ESMA is Probably Going to Change the UCITS Share Class Hedging Rules

A hot topic this year on the cross-border regulatory conference circuit has been the status of ESMA’s investigation into UCITS share classes. You see, back in December 2014, ESMA released a surprise discussion paper on the share classes of UCITS. The purpose of the paper was to create a harmonized definition of share classes under UCITS and describe how share classes may differ from each other.

The big takeaway for the industry was the statement:

ESMA believes that interest rate hedging performed at the level of share classes does not comply with the principle of having the same investment strategy.”

This line seemed to preclude the use of duration hedging and, by extension, portfolio hedging at the share class level. In recent years, both practices have become increasingly common in Ireland and Luxembourg, which are, incidentally, the two biggest UCITS domiciles.

What vexed the industry most was the fact that since the comment period for the discussion paper closed in March 2015, ESMA went radio silent on the topic. This created uncertainty for the industry. The regulators in Luxembourg and Ireland (the CSSF and CBI, respectively) stopped approving any new duration share classes in anticipation of ESMA’s final report.

On 7 April, ESMA broke its silence with the release of a new discussion paper on UCITS share classes, which builds on the feedback received on the 2014 discussion paper.

In the paper, ESMA identified four high-level principles for UCITS share classes:

  1. Common investment objective
    Share classes of the same fund should have a common investment objective reflected by a common pool of assets
  2. Non-contagion
    UCITS management companies should implement appropriate procedures to minimize the risk that features specific to one share class could have a potentially adverse impact on other share classes of the same fund
  3. Pre-determination
    All features of the share class should be pre-determined before it is set up
  4. Transparency
    Differences between share classes of the same fund should be disclosed to investors when they have a choice between two or more classes

Most of the discussion paper is very much in line with what ESMA published in 2014, but there are a couple items of particular note.

First, if it wasn’t already, ESMA makes its position on things like duration hedging perfectly clear in this statement:

ESMA doubts whether share classes with overlays that are not linked to FX hedging, such as duration-risk-hedged or volatility-risk-hedged share classes could be seen as compatible with these operational principles, as they might not be implemented according to a detailed, pre-defined, and transparent hedging strategy.

So, it seems likely that share class duration hedging and its ilk are not long for this world, which means managers will have to unwind existing duration hedging share classes and either offer the unhedged share class or set up a parallel fund structure and transfer the investors. In fact, during the moratorium on new duration hedge share classes some asset managers decided to launch new funds.

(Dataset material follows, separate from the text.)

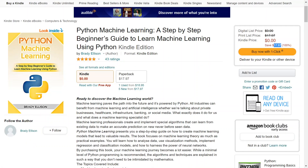The Python Machine Learning book presents you a step-by-step guide on how to create machine learning models that lead to valuable results. Even if you're just doing this for fun, want to learn a new skill, or just dabble into something, I think this is a perfect start — especially with it being free. What do you have to lose? I'll have it linked down below if you want to go check it out. Hope to see you in the next video.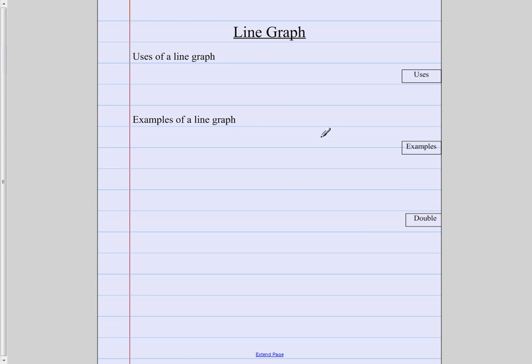So we're going to take a look at the different types of graphs and when to use them and how to use them. Copy down as we're going along the notes that tell you about the different types of graphs.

The other big development in the ESMA paper was the introduction of the concept of “pre-determination,” which it articulates as follows:

ESMA is therefore of the view that all features of a share class should be pre-determined before the share class is set up, in order to allow the potential investor in the fund to gain a full overview on the rights and/or features attributed to his investment. In share classes with hedging arrangements, this pre-determination should also apply to the kinds of risk which are to be hedged out systematically. If the share class is created after the fund in which the share class is included has been authorised, the new share class should not affect the features and characteristics of the fund for the investors already invested in other classes of the fund.”

Essentially, ESMA is saying upon the launch of a fund, a manager must determine all the types of share class hedging arrangements that there will ever be. Depending on the final shape of the “pre-determination” rules, this could reduce the potential for managers to add new types of share classes in the future. This, in turn, could mean either an increase in new fund launches or a decrease in investor choice, neither of which is a great outcome. As it stands, the likely prohibition on duration hedging is probably going to lead to a rash of new fund launches.

The deadline for responding to the discussion paper is 6 June 2016. While the die looks cast for the fate of duration hedging, the issue of pre-determination shows there is still much to play for.